Traditionalists (otherwise known as Catholics) immediately bristled at these words of the pope, seeing in them a rejection of the mission that Christ gave to his Church.
So-called “conservative” Catholic media types, by contrast, leapt into damage control mode.
Their first response was to call into question the accuracy of the text, but Fr. Federico Lombardi stole their thunder by confirming that the text accurately captured the “sense” of the pope’s words, saying that if Pope Francis felt that his thoughts had been “gravely misrepresented” he would have said so.
Further castrating their claims of an accuracy problem was the inconvenient fact that the text was published on the Vatican website.
From there, the wannabe Swiss Guards sought to interpret what the pope said in a Catholic light.
They cited papal tradition dating all the way back to 1995, quoting John Paul the Great Ecumenist who uttered a phrase that seemed to redefine “proselytism” as a matter of “forced conversions.” Why? You’d have to ask him to be certain, but that’s what modernists do; redefine words.
Jimmy Akin, Director of Operations for Pontifical Excuse Making at Catholic Answers weighed in:
Pope Francis recently raised eyebrows by saying, in an interview, that “proselytism is solemn nonsense, it makes no sense.” This could sound strange since, historically, the word “proselyte” has simply meant a convert, and proselytism has simply meant making converts. Yet the pope was not dismissing the idea of making converts. In fact, evangelization is high on his priority list.
We’ll revisit this claim in a moment, but missing from most of the commentary on the part of the pope’s defenders was any semblance of context.
In the interview, Scalfari said to the pope, “My friends think you want me to convert,” to which the Vicar of Christ replied, “Proselytism is solemn nonsense; it makes no sense.”
Imagine, the pope wanting an atheist to convert!
In any event, nine months have since passed, more than enough time for subsequent events to shed additional light on the matter.
For instance, the interview has since been removed from the Vatican website.
Aha! Obviously, the text was erroneous, one expects the charter members of the FFC (Francis Fan Club) to exclaim.

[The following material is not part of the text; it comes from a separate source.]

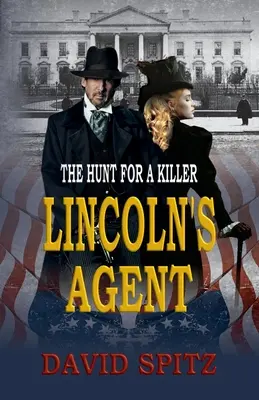 El agente de Lincoln: La caza de un asesino - Lincoln's Agent: The Hunt for a Killer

Which is precisely why Fr. Lombardi was at pains to stress that it was removed by order of the Vatican Secretary of State: I mean, we wouldn’t want anyone to get the impression that the pope’s words were impossible to square with Catholic doctrine, now would we?

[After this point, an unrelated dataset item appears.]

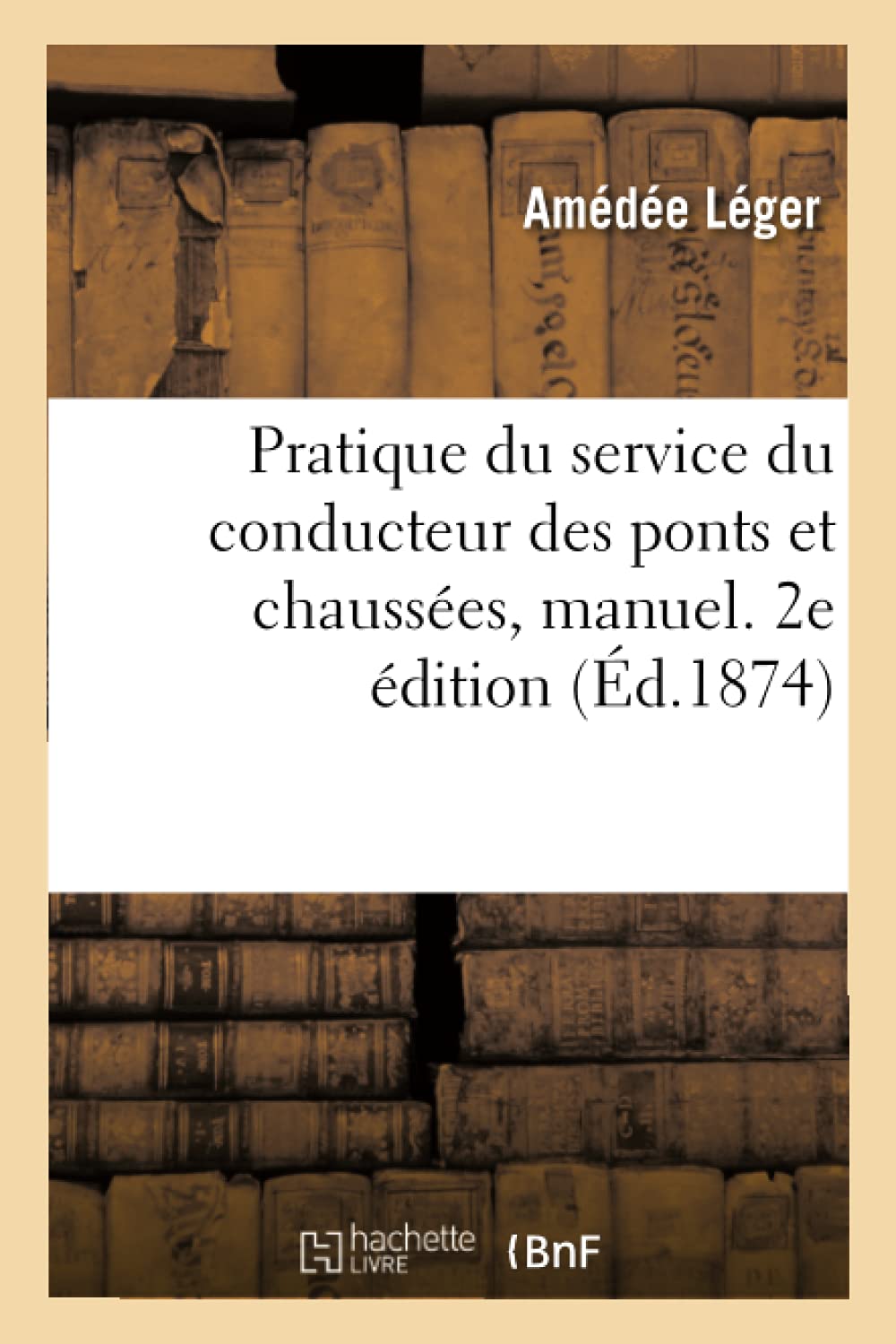 Pratique du service du conducteur des ponts et chaussées, manuel. 2e édition book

More to the point would be the countless words that have since been spoken by the pope in various other venues, including that 50,000 word tome that Cardinal Burke still hasn’t quite figured out in his mind exactly how to describe, Evangelii Gaudium.

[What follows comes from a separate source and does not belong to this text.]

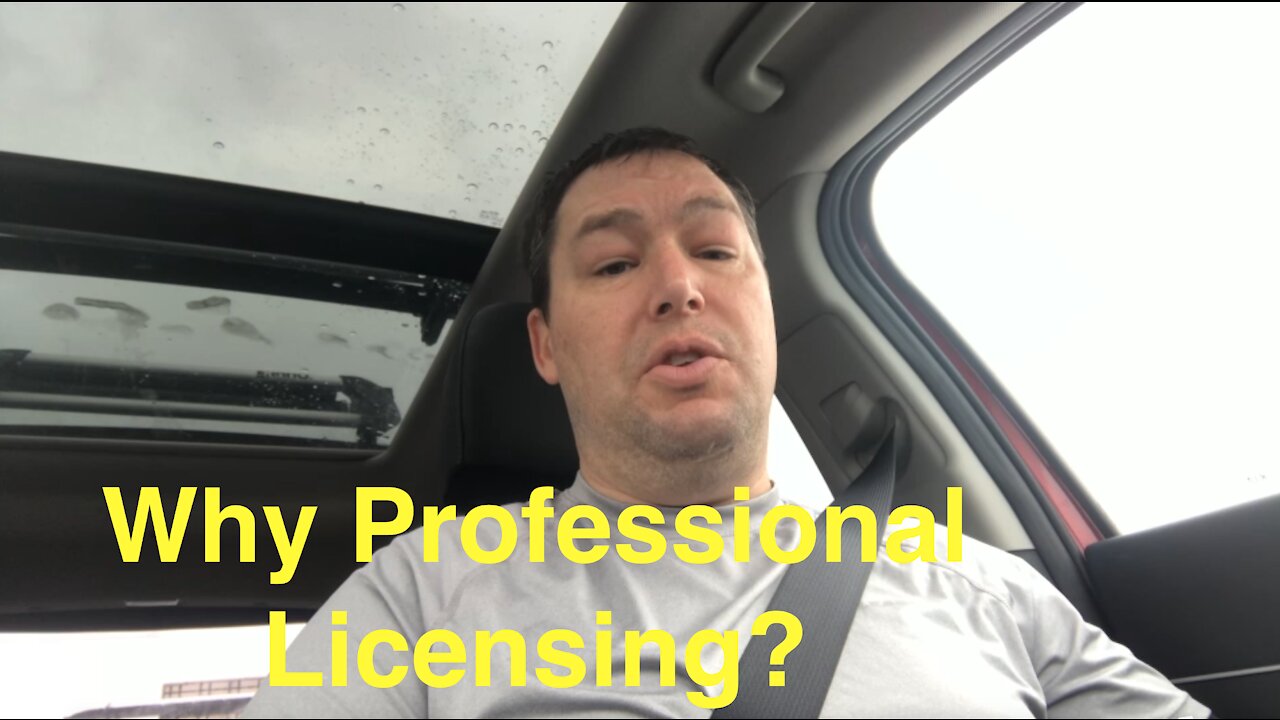 Why Do We Need Professional Licensing - Episode 048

Upon review of the pope’s words and deeds since the infamous quote in question was entered into the public record, any sane person would have to conclude that Mr. Akin deserves an A for effort, but an F for content, as one is hard pressed to produce even one single, solitary shred of compelling evidence in support of the claim that making converts occupies any place on any papal to-do list, much less the pope’s list of priorities.
To be very clear: I’m not being facetious.
Not only is there no evidence whatsoever that Pope Francis finds it necessary to encourage non-Catholics to “repent, and be baptized in the name of Jesus Christ for the forgiveness of sins,” there is copious amounts of evidence to the contrary.
The sad truth that comes to the fore in all of this is nothing new.
Pope Francis isn’t the revolutionary pope of our time; he’s simply one in a line of revolutionary popes who have abandoned the mission of the Church as Christ gave it in favor of that conciliar invention known as the “New Pentecost,” wherein our churchmen engage in religious diplomacy with no intention whatsoever of making converts.